*** Opening of Collected material ***
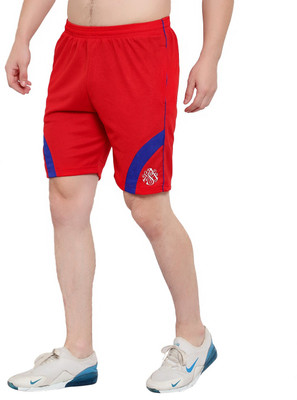 HouseOfCommon Color Block, Self Design Men Red Sports Shorts
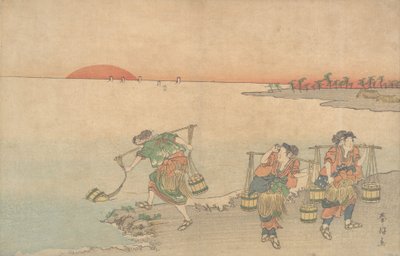 Três Portadores de Água na Costa, no final do século XVIII. de Katsukawa Shunko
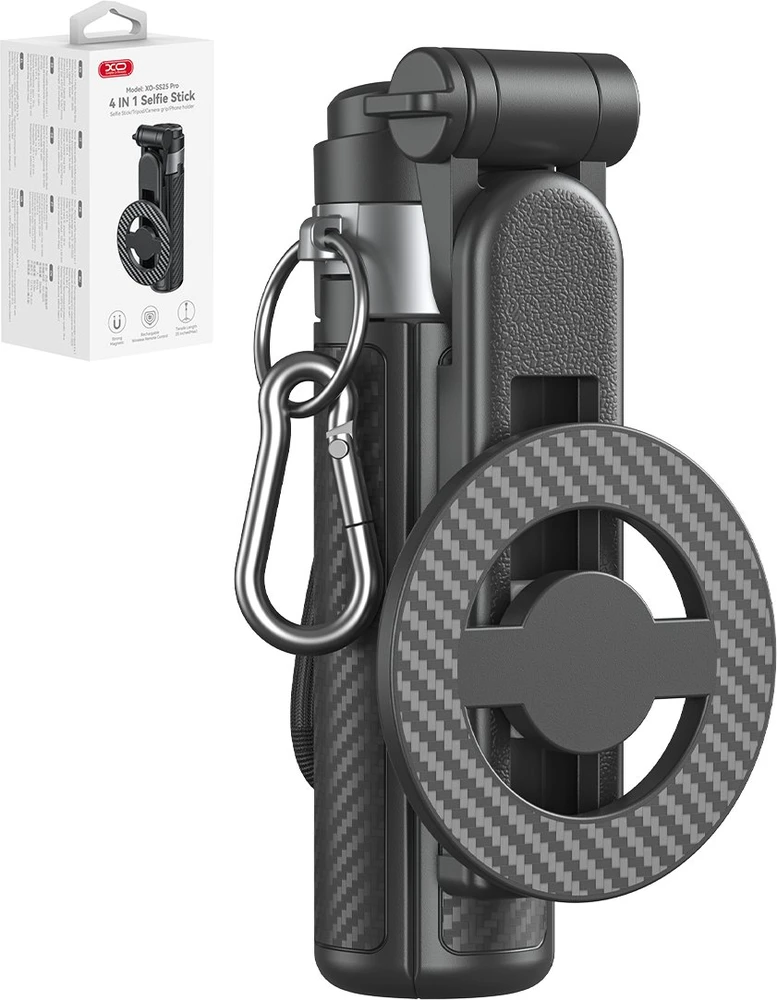 XO asmenukių lazda Bluetooth trikojis SS25 juodas magnetinis skirtas MagSafe 64cm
*** Close of Collected material ***
Repeat the listing in full and exactly. Leave any pictures out.

Output for this task
 HouseOfCommon Color Block, Self Design Men Red Sports Shorts
 Três Portadores de Água na Costa, no final do século XVIII. de Katsukawa Shunko
 XO asmenukių lazda Bluetooth trikojis SS25 juodas magnetinis skirtas MagSafe 64cm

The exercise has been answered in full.